Fue como si hubiera vuelto a nacer ¡pero bajo qué apariencia! Mis condiscípulas se carcajeaban de las
consonancias tanto como de las asonancias. Y los muchachos evitaban mi presencia como podían haber evitado la
Medusa porque me suponían una cabellera paralizante hecha de serpientes.

Fingí conformidad, unción, pero en el fondo estaba desesperada. Como al personaje de la égloga de Garcilaso, no
me hubiera gustado cambiar de condición sino de suerte. Con la de una vampiresa, por ejemplo, de esas que van
dejando tras de sí un reguero de cadáveres de hombres que se suicidan antes la imposibilidad de ser correspondidos
en su pasión.

Sufrí las metamorfosis de la adolescencia con el secreto anhelo de que al final (como al final de un túnel) yo me
encontraría con la imagen seductora de una real hembra. Y hasta intenté coadyuvar a mi transformación rapándome
a ver si del cráneo me brotaba algo maravilloso que no sugiriera ideas macabras a quienes me contemplaran.

Pues… les diré. Después de muchos ires y venires que, semejantes a los de la ardilla, no tuvieron ninguna utilidad;
después de las consabidas crisis fisiológicas, vocacionales y emotivas, volví a nacer. Igual de poetisa que antes,
sólo que ahora un poquito menos flaca y con el cabello trenzable, aunque con una miopía digna de un lector más
asiduo que el que entonces ya era.

Citando a Amado Nervo puedo decir que “amé y fui amada y el sol acarició mi faz”, pero que todo ello ocurría en
la Facultad de Filosofía y Letras, en los pasillos que llevaban de un aula a otra, de una lección mal apuntada, de
una carta de pasante a un título profesional.
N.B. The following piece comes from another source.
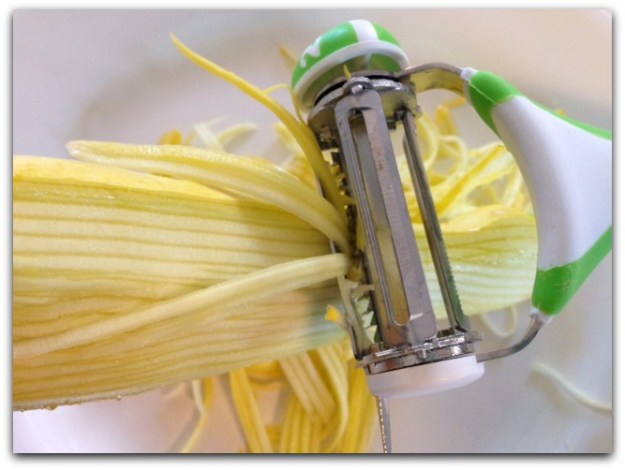 The World's Greatest 3-in-1 Rotational Tri-Blade Peeler Julienne Blade Making Summer Squash into Veggie Pasta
Como todos esos amores se quedaron en agua de borrajas decidí rectificar, esto es, nacer de nuevo. Ahora sub
specie mysthica. Me hice un moño bien apretado, me despojé de todos los afeites y me fui a Chiapas a trabajar
entre los indios.

Fui feliz, todo lo feliz que puede serlo una mujer sin hijos. Pero para que un hijo me naciera era indispensable que
yo volviera a nacer de nuevo. Me quité los moños, me puse lentes de contacto, me compré una colección de
vestidos nuevos. En fin, tomé todas las providencias que toman los animales cuando se trata de perpetuar la
especie. Y ¿para qué le cuento, en detalle, todos los trámites que tuve que cumplir, todos los fracasos previos que
tuve que soportar? Usted sabe que, al dar a luz a Gabriel, me di a luz a mí misma como madre, un papel para el que
no estaba entrenada, pero que trato de desempeñar lo mejor que puedo.

Madre y poetisa como que no riman, pero ahí se van. Y de pronto otra encarnación: encargada de una oficina
burocrática de la Universidad bajo el rectorado del doctor Chávez. Al principio titubeos; luego una lenta
acumulación de experiencias y al fin, seguridad. Exactamente en el momento en el que el doctor Chávez se veía
obligado a renunciar y quienes habíamos sido sus colaboradores a buscar otros modos de sobrevivir.

Yo encarné como maestra de literatura en el extranjero y luego en México. Al principio no le atinaba, pero acabé
por darle el golpe. Y de pronto ¡zas! que me nombran embajadora. Otro oficio, otros horizontes, una vida nueva. Yo
acepté porque –como decía antes- me encanta estar naciendo. Y porque tengo confianza no tanto en mis propias
habilidades como en la generosidad de los demás.
Autorretrato

Yo soy una señora: tratamiento 
arduo de conseguir, en mi caso, y más útil 
para alternar con los demás que un título 
extendido a mi nombre en cualquier academia. 

Así, pues, luzco mi trofeo y repito: 
yo soy una señora. Gorda o flaca 
según las posiciones de los astros, 
los ciclos glandulares 
y otros fenómenos que no comprendo. 

Rubia, si elijo una peluca rubia. 
O morena, según la alternativa. 
(En realidad, mi pelo encanece, encanece.) 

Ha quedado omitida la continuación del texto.